On the valuation front, Zillow is reporting that homes appreciated 3.3 percent from a year ago, 27.9 percent of homes lost value over the past year. East Coast and Midwest markets saw the greatest hit in home value losses on a year-over-year basis, most notably Baltimore at 48.1 percent, Philadelphia at 43.4 percent and Washington, D.C., at 41.2 percent. In the nation’s hottest markets, the losses were significantly smaller—only 1.5 percent of Denver homes and four percent of Dallas homes were worth less in August versus the same period in 2014.

"We're not going in reverse, but we are hitting the brakes a bit in some markets," said Zillow Chief Economist Dr. Svenja Gudell. "It's easy to say the recession is over when a third of the biggest markets are more expensive now than ever before, but we're still seeing a number of homes losing value. The reality is there are still areas lagging behind in the recovery."

More than a quarter of homes across the country lost value over the past year, despite the ongoing housing market recovery, according to the Zillow August Real Estate Market Report. Some markets have already surpassed home values reached at the height of the housing bubble, while other markets are struggling to leave the recession behind.

Nationally, homes appreciated 3.3 percent from a year ago, rising to a Zillow Home Value Index of $180,800. The national growth rate has leveled off over the past five months, suggesting the housing recovery is ending and the market is returning to normal. However, 27.9 percent of homes lost value over the past year. Before the housing market crashed, an average of 21.2 percent of homes were losing value. In December 2008, 81.6 percent of homes lost value, the highest amount during the recession.

Markets on the East Coast and in the Midwest had the highest share of homes that lost value. A staggering 48.1 percent of homes in Baltimore decreased in value over the past year. Philadelphia (43.4 percent) and Washington, D.C. (41.2 percent) also had large shares of homes losing value.

Conversely, few homes lost value in hot markets like Denver, Dallas, San Jose, and San Francisco, which all saw double-digit home value growth over the past year. Less than five percent of homes in Denver (1.5 percent) and Dallas (four percent) were worth less in August 2015 than they were a year ago. Complicating matters was the continued rise in rents: The Zillow Rent Index rose 3.8 percent on an annual basis to $1,381.

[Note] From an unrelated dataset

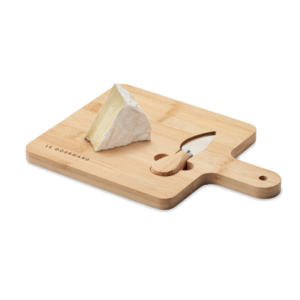 Gadget with logo Cheese board set DARFIELD Bamboo Cheese set serving board with serving knife. Present your guests with some cheese or other types of food and snacks on this woodenplatter. It has a handle for easy carrying. The hole in the handle canbe used to hang the serving board when not in use. Bamboo is a naturalproduct, there may be slight variations in colour and size per item,which can affect the final decoration outcome. Available color: Wood Dimensions: 27.5X19.5X1CM Width: 19.5 cm Length: 27.5 cm Height: 1 cm Volume: 1.8 cdm3 Gross Weight: 0.52 kg Net Weight: 0.44 kg Magnus Business Gifts is your partner for merchandising, gadgets or unique business gifts since 1967. Certified with Ecovadis gold!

Separately, U.S. house prices rose in July by a miniscule 0.6 percent on a seasonally adjusted basis from the previous month, according to the monthly House Price Index (HPI) released by the Federal Housing Finance Agency (FHFA). The previously reported 0.2 percent change in June remains unchanged. 

For the nine census divisions, seasonally adjusted monthly price changes from June to July ranged from a 1.2 percent depreciation in the New England division to 1.6 percent increase in the Mountain division. On a year-over-year basis, all divisions saw increases, ranging from a modest 2.1 percent in the New England Division to robust 9.4 percent in the Mountain Division.

As for existing homeowners struggling to make mortgage payments, there was good news from the HOPE NOW alliance of mortgage servicers, investors, mortgage insurers and non-profit counselors. During July, HOPE NOW recorded approximately 122,000 total non-foreclosure solutions, which is much higher than approximately 29,000 completed foreclosure sales for the month.

Approximately 33,000 loan modifications were completed in July, compared to 34,000 in June, and July’s short sales level of approximately 8,100 completed was only slightly lower than the 8,200 in June. Also declining from June to July were foreclosure starts (from 58,000 to 53,000), foreclosure sales (30,000 to 29,000) and serious delinquencies (1.72 million to 1.69 million).

“At the end of June, the mortgage industry hit significant milestones for loan solutions and proprietary loan mods–24 million and six million respectively,” said Erik Selk, executive director at HOPE NOW. “Based on July’s data, it is clear that servicers continue to work with customers to offer the best options–whether they are permanent, short-term or liquidation. In fact, looking at the year over year comparison, it is notable that the decline in foreclosure sales is more than double the decline in permanent loan mods.”